Yaşanan krizin kronolojisi, çağdaş kapitalizmin baş döndüren uluslararası finans ağının ve sisteminin yapısının; teknik donanım babında olabildiğince girift, uygulamaları babında ise olabildiğince primitif [emperyalist (1)] olduğunu gözler önüne sermektedir. Krizin işaretlerini vermesi, zuhur etmesi, piyasayı sarsması ve ardından ‘derinleşerek’ önce bölgesel sonra küresel olarak yayılması insanoğlunun iktisat tarihinde ‘nev zuhur’ bir vakıa olarak durmaktadır.
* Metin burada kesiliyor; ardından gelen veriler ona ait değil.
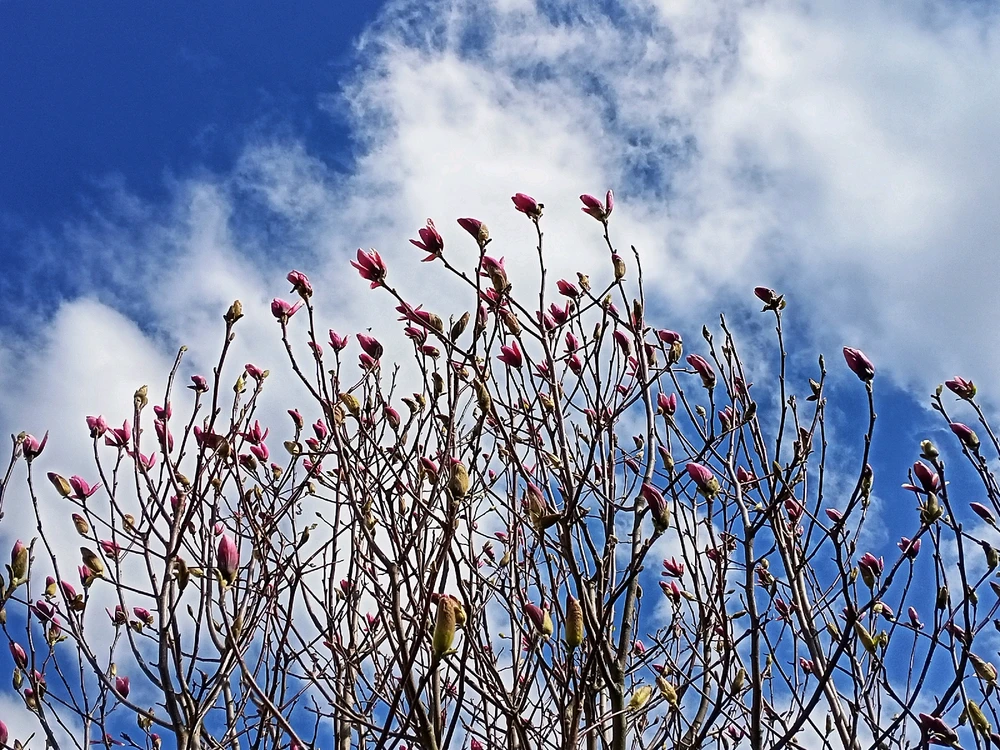 Зображення завантажив Black Mirror (⁠◔⁠‿⁠◔⁠)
Brezilya, Rusya, Tayland, Avrupa ve Amerika’yı birbirine ‘finans akışıyla’ bu denli bağlamayı başaran ‘sinir sistemi’nin içinde yaşanan krizler salt kapital hareketleriyle açıklanmayacak kadar derin bir yapı durumundadır. Bu derin yapının ‘görünen’ siyasi iktidarlarının dışında, yine bu iktidarların kurduğu kurumlardan olan ve krize ilk müdahaleyi yapan IMF ve Dünya Bankası’nın bu müdahaleleri ne denli yaraya merhem olma niyetiyledir? Başka bir ifade ile bizzat ‘merkez’ siyasi gücün gölgesi altında çalışan bu kurumlar ne denli bağımsız hareket edebilirler. Nisan 2002’de geçen dönemki IMF Başkan yardımcısı olan Fisher’in ‘IMF bir avuç teknokratın kurumudur. Mesela benim gibi. LSE ve Yale mezunu, MIT hocası, Merill Lynch yöneticisi, bildiğini okuyan bir kaç teknokrat…biz program uygulatırız…babalık yapmak bizim işimiz değil ..’(2) açıklaması tam da kriz kronolojisindeki IMF tavrını anlatıyordu. Bu tarz, 19. yy.’ın ikinci yarısında Britanya’nın “medeni güçler serbest ticaret için gerekli olan kurumsal ticaret usulünü dünya uluslarının yerel iktisadi bünyelerine dayatmalıdırlar” felsefesini hatırlatmaktadır. Harvard ve BM iktisatçılarından ‘borç hekimi’ lakabıyla bilinen Sachs  bu tavır için; ‘İngilizlerin Osmanlı ve Mısır içine bizzat müessese halinde iktisadi kurumlar koyması gibi, IMF de dünyada gelişen 75 ayrı devlet ekonomisinin -yaklaşık olarak 1.4 milyarlık bir nüfusun- içine kendi görevli iktisatçılarını yerleştirmiş durumdadır. Bu hükümetler IMF görevlilerine danışmadan ciddi hiçbir iktisadi karar alamazlar. Bu ülkelerde IMF yetkililerinin geliş-gidişleri gazete manşeti olur… IMF, finansal ortodoksiye sadık, borçlu ülkeleri kreditörlere kurban etmeye hazır, duman çıkan yere benzin döken bir yapıdır’ (3)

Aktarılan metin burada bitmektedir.